なるべく胸を見ないように袖を通してあげ、何とかしてボタンを留める。
コレ … 傍から見れば、完全に俺が幼女を襲っているにしか見えないよな。
そう思いながらも、彼女を仰向けにして呼びかけてみる。
「おい、大丈夫か!? しっかりしろ!!」
そう呼びかけてみても反応はない。
彼女の顔に顔を近づけ、顔をよくよく観察してみた。
とても日本人には見えない整った可愛らしい顔立ち。
例えるならば、童話に出てくるお姫様みたいな可愛らしい少女だった。
だがそんな可愛らしい彼女の顔には、いくつもの痛々しい擦り傷がついていた。
いや、顔だけではない。全身にだ。
「おいおい、一体何があったんだよ! はっ、もしかしてさっきの隕石衝突の衝撃波で … とは言っても、そんなに被害は大きくなかったけどな」
とりあえず、ここは119番へと通報するのが無難だろう。
ポケットから最近買い換えたばかりであるスマートフォンを取り出す。
「やべぇ … 俺、まだスマホ使い慣れてないぞ!」
最近スマホに買い換えたばかり、なおかつ焦っていたせいもあってか、画面に表示される数字を押し間違えてしまう。
するとそのときだった。
俺の足に何かが触れている感触がした。
フワフワとした羽毛に擽られているような感覚。
何かと思って視線を向けてみると、やはり俺の足に何かが触れていた。
フワフワとした細長いもの。

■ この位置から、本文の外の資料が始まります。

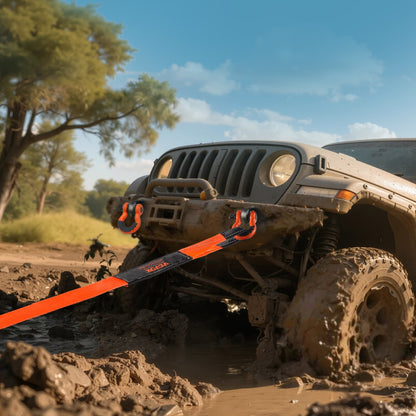 Heavy Duty Tow Strap Recovery Kit 76.2 mm x 6.1 m (MBS-16329 kg) Tree Saver Winch Strap, Triple Reinforced Loop & Protective Sleeves & Storage Bag, 19 mm D-Ring Shackles, for Truck Jeep SUV ATV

まるで犬の尻尾みたいな細長いモノ。
その細長いものは、この少女のお尻へと続いている。
「いや … 俺にはこの上着をめくって、彼女のお尻を見る勇気はない!」
そう自分に言い聞かせるも、やはり気になる。
これは … まさかの尻尾か?
試しに尻尾を掴んで引っ張ってみるものの、ビクともしない。
仮にコレが尻尾だと仮定すれば … アレだってあるのか?
そう思い、今度は少女の頭部へと目をやる。
「あっ!!」
やはりアレはあった。
今気が付いたのだが、彼女の銀色の髪と同じ色をした三角状の突起物が生えていた。
いわゆる獣耳っていうヤツだ。
しかもその獣耳と尻尾は、時々ピクリと動いている。
そう、どう見てもコスプレの装飾品とは思えない。これは本物の獣耳・尻尾だ!
「ま … まさかの獣耳少女!?」
俺は面倒事に巻き込まれるのが嫌いである。
とは言っても、さすがに傷だらけの少女を見捨てることなんか出来るわけがない。
これは、救急車を呼んだ方がいいのか?
いや、待てよ? 救急隊員らがもし少女の獣耳・尻尾を見たら、どうなるのだろう?
もしかしたら新種の生物として政府の極秘施設に連れて行かれ、解剖されたり・実験されたりされるかもしれない。
しばしの間俺は悩んだ結果、自分の学生マンションへと連れて帰ることに決めた。